Back in August, restaurant rollout proposition Tasty (LSE: TAST) was riding high with a share price around 185p. Today’s 112p represents a fall of around 39%, so what went wrong?
Has the story changed?
Prior to the share-price decline of the last few months, one of the pleasing aspects of Tasty’s progress rolling out a chain of restaurants that are mostly branded Wildwood was the way revenue, profits and cash flow were all rising in proportion together. However, in September with the interim results, Tasty delivered a revenue increase of 28%, adjusted operating profit up 17.5% and a pre-tax loss of £2.3m — something investors hadn’t seen in recent years.
The loss came as a surprise to many, including me, and arose because of an impairment charge against five sites. Suddenly the story looked much less tasty. Instead of annual double-digit increases in new restaurant openings and juicy trading figures, the firm seemed to be owning up to sites not working out as planned. Maybe the whole rollout concept was flawed?
I don’t think so. Despite the setback, the firm is still opening new restaurants at pace and recruiting for senior roles with a view to supporting the ongoing expansion programme. In November, a placing at 145p to help fund further growth raised around £9m before expenses and, in my view, capped the share price for a while at that level.
My faith in the longer-term potential of this stock remains and I see current poor sentiment for the shares as an opportunity for those who believe the story will have a happy ending. I’m expecting trading figures to get back on track and to see a gently rising share price down the line.

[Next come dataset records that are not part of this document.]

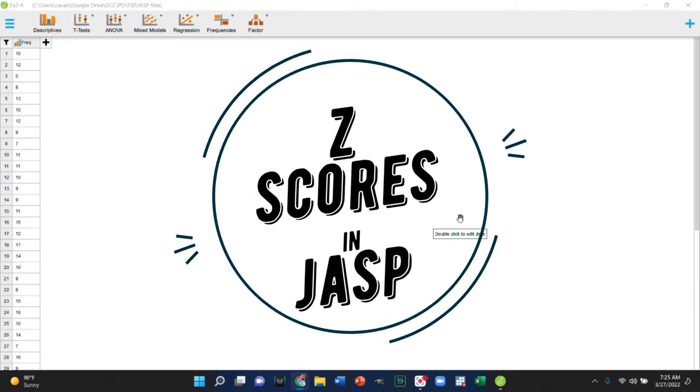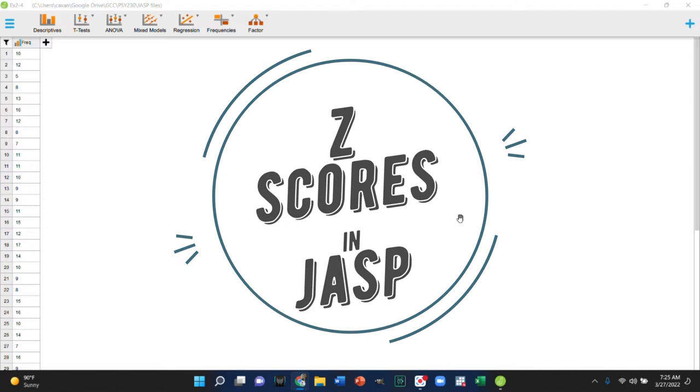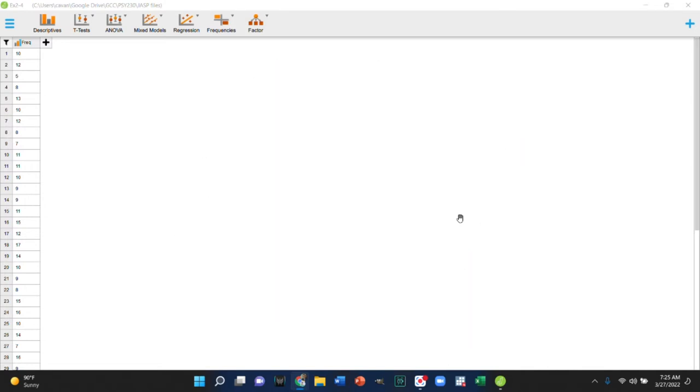All right, so real quick, if you're having trouble with getting z-scores in JASP, I'm going to do a quick demo on that. I first want to note that anytime you need to make a new variable in JASP, you're always going to use this add variable feature, and then there's a variety of different computations you can do.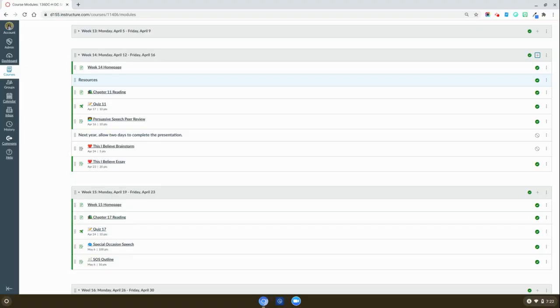Hi folks, today I want to give you a quick tip on how you might organize your modules even further. Did you know that Canvas has a text header option?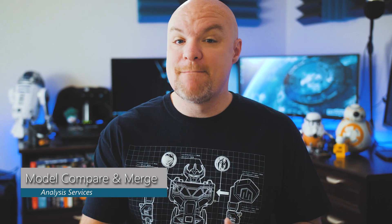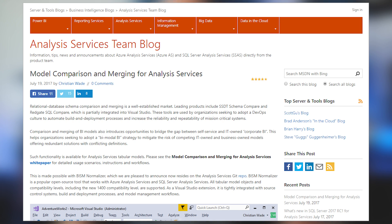We have a new white paper for Analysis Services, and this one has to do with model compare and merging for Analysis Services. This is made possible by the BISM Normalizer tool, which is now available on GitHub as open source. BISM Normalizer is integrated with Visual Studio, so you get the full DevOps capability from source control to build and everything. This can be really helpful if you're trying to manage updates to your model from a build and DevOps perspective. And not only does this work with Analysis Services on-premises, but it works with Azure Analysis Services as well.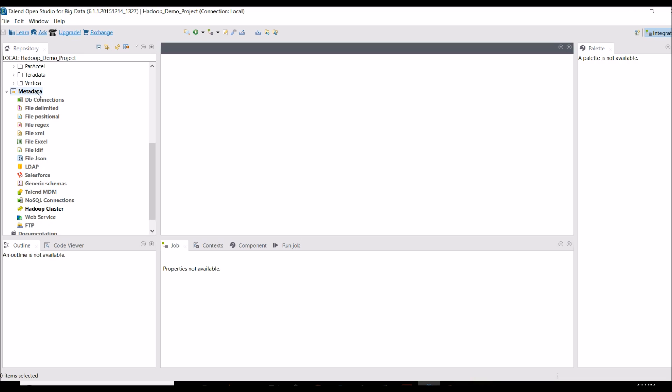The third section is Metadata. In Metadata you can declare the metadata of any file or database — it's like defining the structure of a file, table, or database. Here you can get a DB Connection, which is reusable. If you want to use the same database connection again and again across multiple components, instead of configuring it in every component separately, you create the connection here and reuse it across all components. You also get File Delimiter and other options.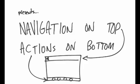Today we're going to talk about navigation on top and actions on the bottom, and there's two big reasons that we have to think about this.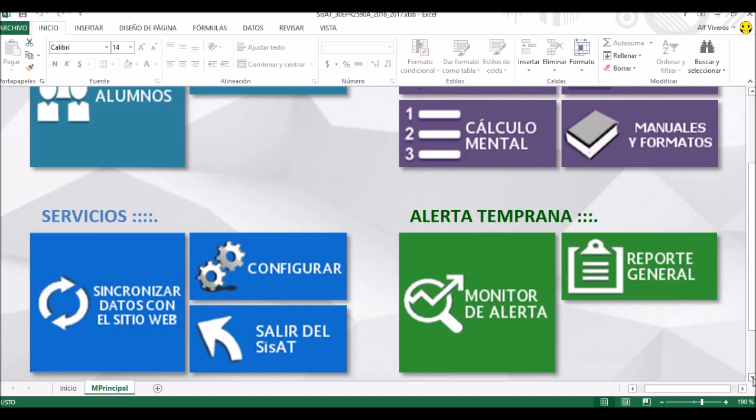Tenemos que subir estos resultados de todos los niños de la escuela a Internet, y eso lo vamos a hacer simplemente dando un clic aquí donde dice 'sincronizar datos'. En este momento no está abierta la plataforma, así que lo único que va a suceder es que va a aparecer una leyenda donde dice que no es posible establecer la conexión. Vamos al sistema de alerta temprana, que es esta parte que tenemos acá en verde.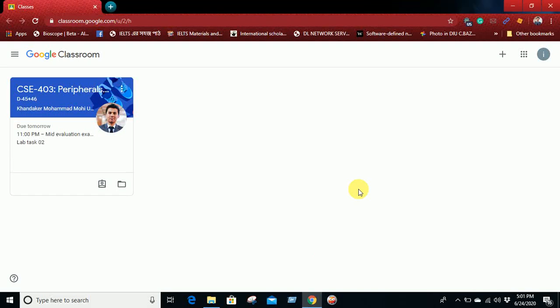Hello everyone, today we will learn how to upload an assignment or answer script in Google Classroom. So first of all, you need to log in to your Google Classroom using your Gmail and then go to your class.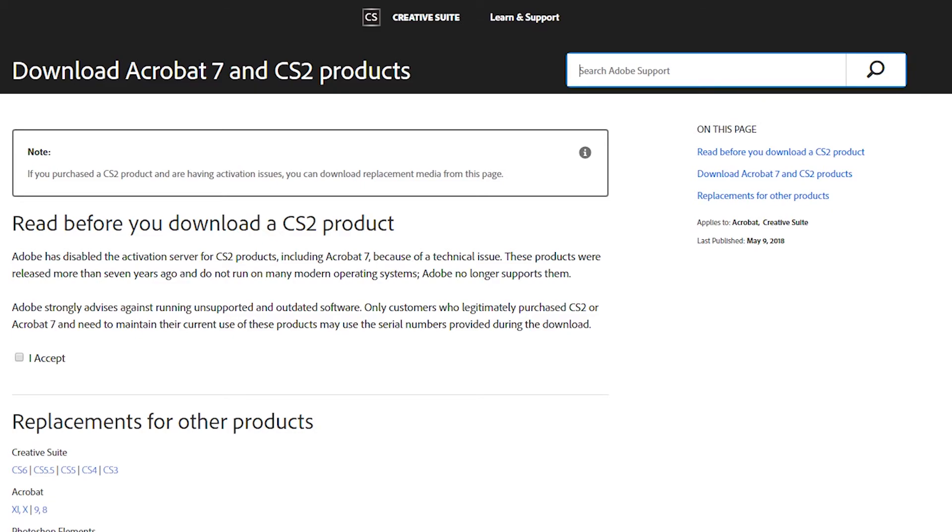You are better off using one of the free Photoshop alternatives which would be much more powerful than CS2. I have a video with some of these free alternatives, a link to that video should be on the screen.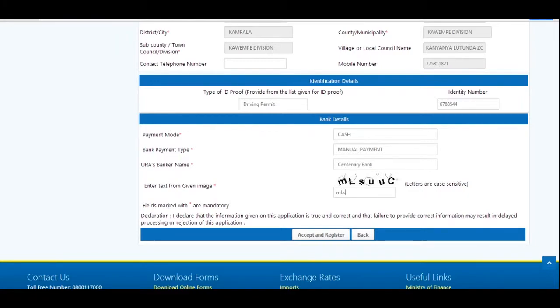Proceed to taxpayer details. If you do not have a TIN, fill in the fields with a red asterisk as they are mandatory.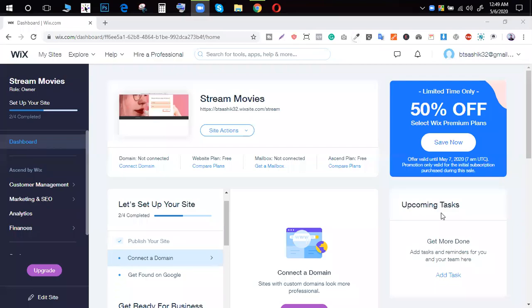As-salamu alaykum, welcome to our Rx320 channel. We have a free account of Wix. We have a link in the description box.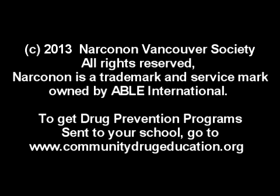Tibor, I'm glad we could spread the message today. Thanks so much for your expertise in the area. You're very welcome, Angela. It's a real pleasure talking with you. Tibor Palatinas, a drug prevention specialist with the Narconon Vancouver Society.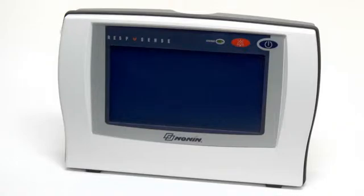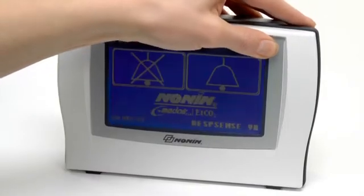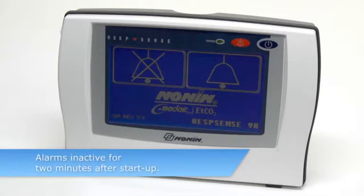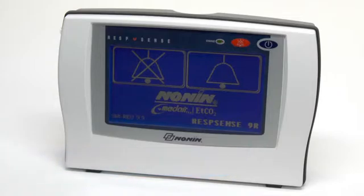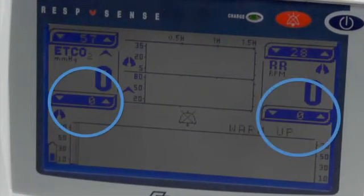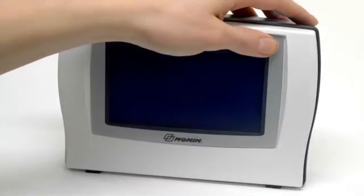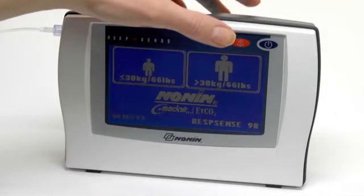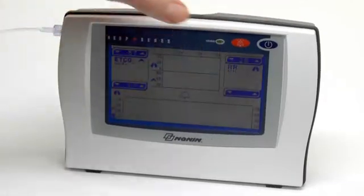Turn on the RespSense Monitor by pressing the on/off button in the upper right corner until you hear a beep. The monitor will run a brief self-test. After a few seconds, you will see several entry selection screens to choose initial settings. Alarms remain inactive for two minutes after starting the monitor. The first screen allows you to enable or disable alarms. The disable alarms icon drops all minimum alarm values to zero; the enable alarms icon sets alarms to the default limits. The next screen lets you choose the patient size, after which you will see the main monitoring screen.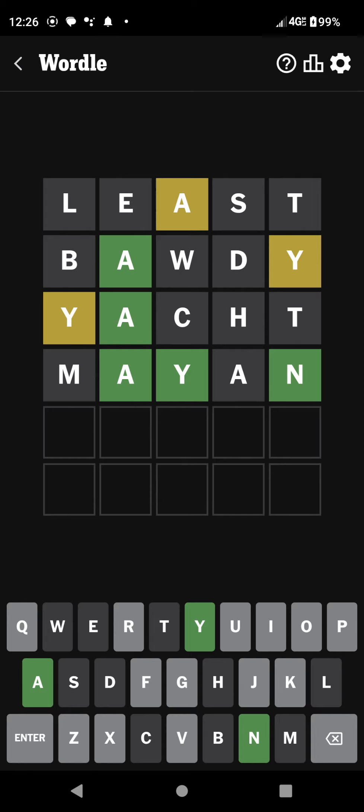You can see I tried yacht, which was a bad word selection because the T in yacht and the T in least are in the same positions, so it doesn't really help there.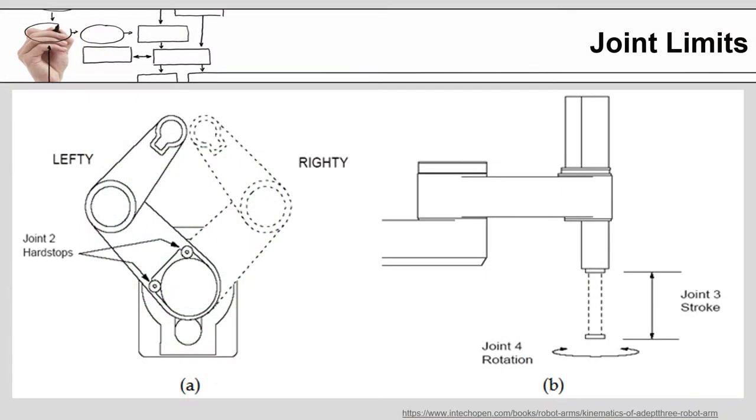For SCARA robots one of the terms you will often see is a lefty and a righty with regard to the arm position. And that is because as you can see from the picture here, pretty much most if not all of the positions for the robot have two solutions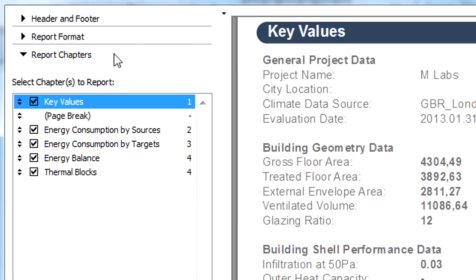Finally, the Report Chapter tab page allows you to customize various options for the chapters of the Evaluation Report. All the various chapters of the report are listed here.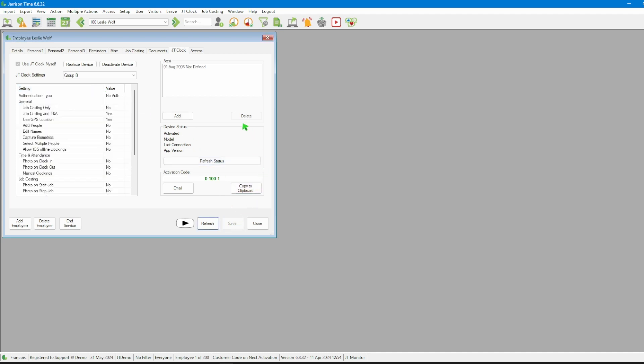Then let's take a look at area. Areas are designated ranges of coordinates which are permitted as clocking areas when using JT Clock. This feature is used when a particular employee is meant to clock in a specific area, and if not then we will leave it on not defined.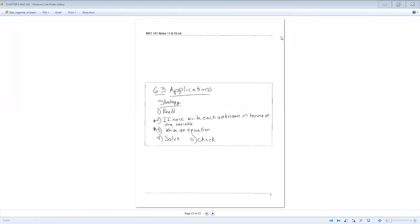This is the rest of the second packet. It starts off with section 6.3, Applications, which is another word for word problems.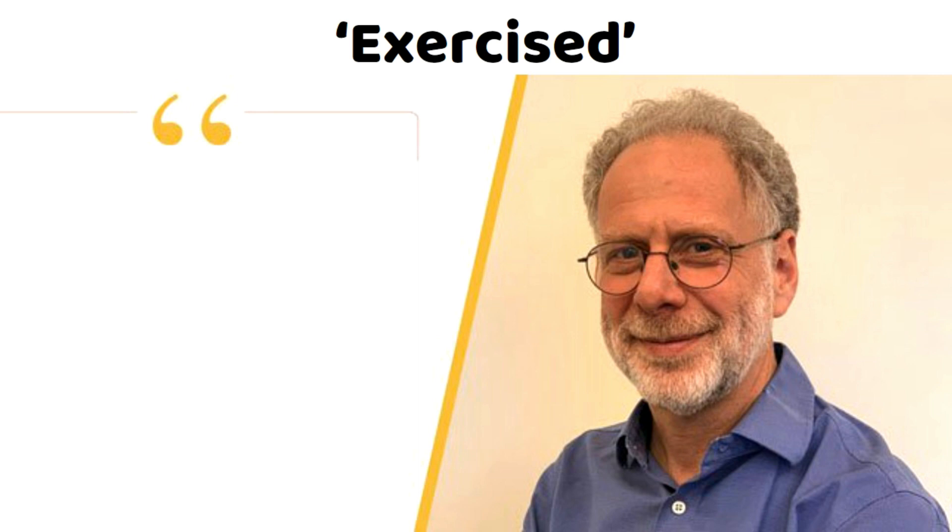This is a book summary of the book Exercised by Daniel E. Lieberman.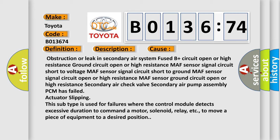Obstruction or leak in secondary air system, fused B-plus circuit open or high resistance, ground circuit open or high resistance, MAF sensor signal circuit short to voltage, MAF sensor signal circuit short to ground, MAF sensor signal circuit open or high resistance, MAF sensor ground circuit open or high resistance, secondary air check valve, secondary air pump assembly, PCM has failed, or actuator slipping. This subtype is used for failures where the control module detects excessive duration to command a motor, solenoid, relay, etc., to move a piece of equipment to a desired position.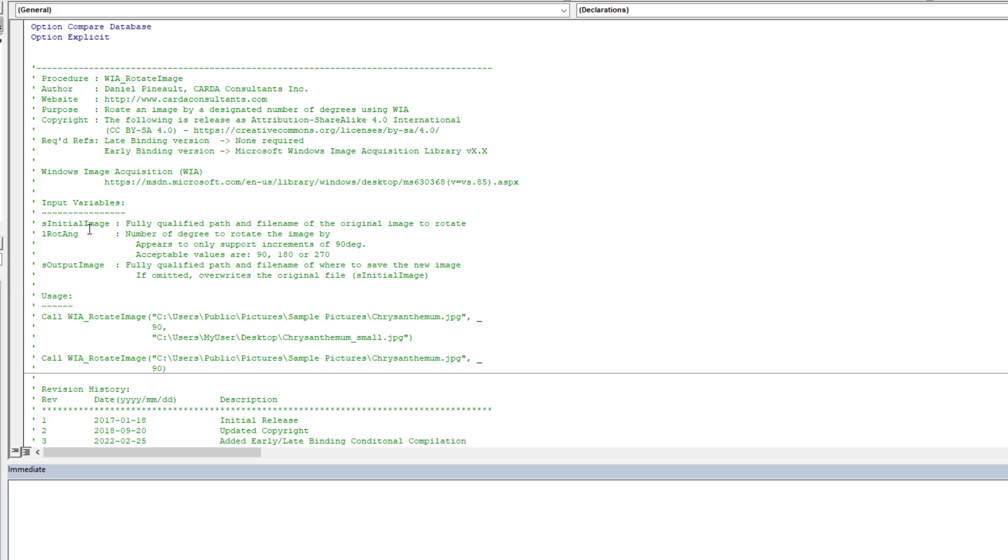So you have the initial image. So fully qualified path file name with the extension of the original image to rotate. So what image do you want to manipulate? Then you have the rotation angle. And lastly, you have the output image. So where do you want it saved? The modified version of the image.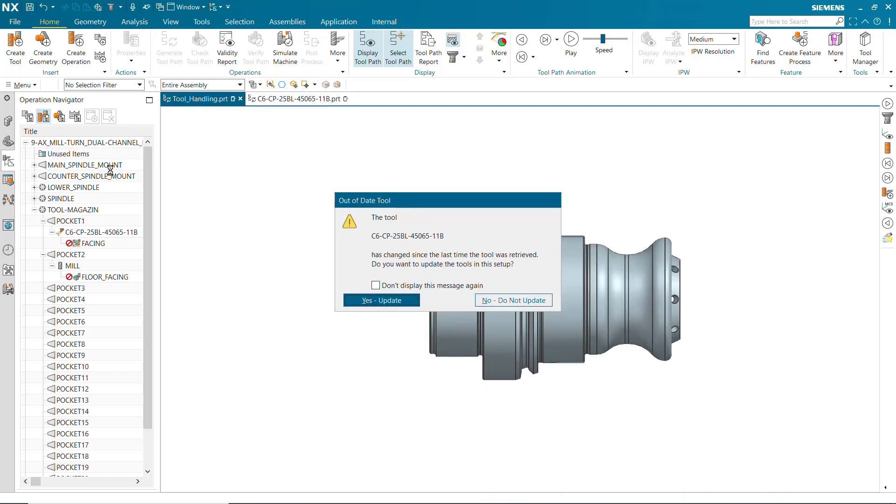The system tells you the tool used in this setup is out of date and gives you the option to either update or not update. Clicking Yes updates the tool stored with the latest changes.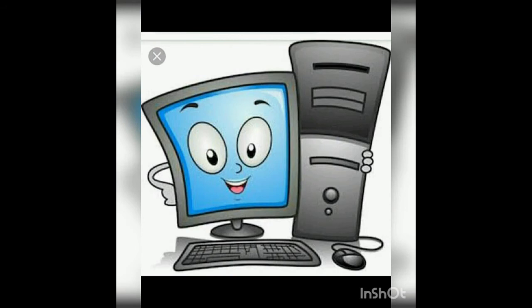Today my topic is parts of the computer. A computer has four main parts. Do you like to play on the computer? I also like to play on the computer. I like to watch cartoons.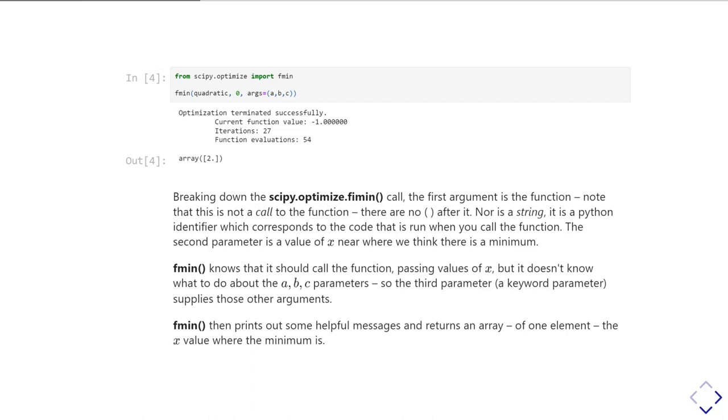So in this case here our function was quadratic, so I'm just passing it quadratic as a variable name. And the next thing I give it is the starting value for x, and I say start at x equals zero. And then we also need to tell fmin how are you going to call this function? So we have to pass it the other arguments that go into that function. I've previously defined a, b, and c in the previous part of this tutorial, so I could just pass it via this args keyword parameter. I pass it a tuple, in other words a sequence of the other arguments that it needs in order to call that function.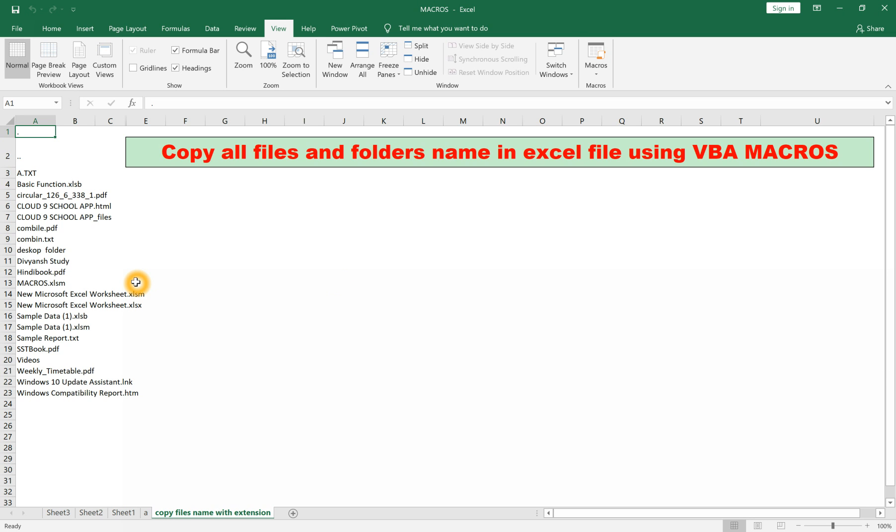Thank you so much guys, keep watching my videos. My next video will be on copying all files and folders using command prompt - a single line code for copying all files and folders in a text file.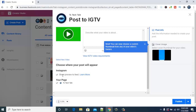If you haven't linked your Instagram account, this cross-posting option won't appear. Make sure your Instagram is linked. If you want to know how to do that, I've already made a video about it — I'll leave the link in the description below and pin it in the comment section so you can check the previous video.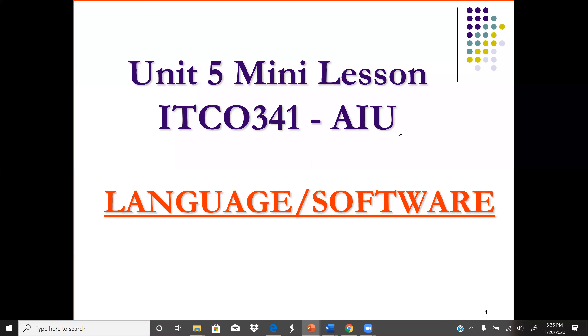Welcome to Unit 5 mini lesson. In this mini lesson we're going to discuss about languages and software.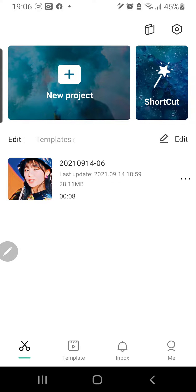Hey guys and welcome back to the Tutorial Millennial channel. In this video I am going to be showing you how to log in to CapCut.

Quality, growth and a stagnating share price
Since January 2015 when the shares stood around 830p, specialist healthcare company BTG (LSE: BTG) has been in the doldrums and today the stock trades at 565p or so. Yet, despite the share-price weakness, it’s hard to detect a flaw in the firm’s record of growth in earnings over that period. Including forecasts for the next couple of years, the compound annual growth rate for earnings runs in excess of 25%.
Growth of the top-line revenue figure looks good too. So the best explanation I can come up with for BTG’s slippage is that the share price maybe went too high on elevated expectations for the rollout of the firm’s new varicose vein treatment in the US. In November, BTG said that sales of the varicose veins treatment Varithena were £1.7m in the first half of the firm’s trading year, which compared to £0.4m the year before. Such a gradual increase doesn’t live up to the excitement and froth that seemed to boost BTG’s share price back in 2015.
The delays appear to be more about insurance coverage than faults with the product, but as we wait for the issues to resolve, BTG is roaring ahead with strong growth from its many other offerings. Today’s share price around 565p puts the firm on a forward P/E rating around 17.5 for 2018, which strikes me as reasonable value for a firm with so much potential growth left in the bag.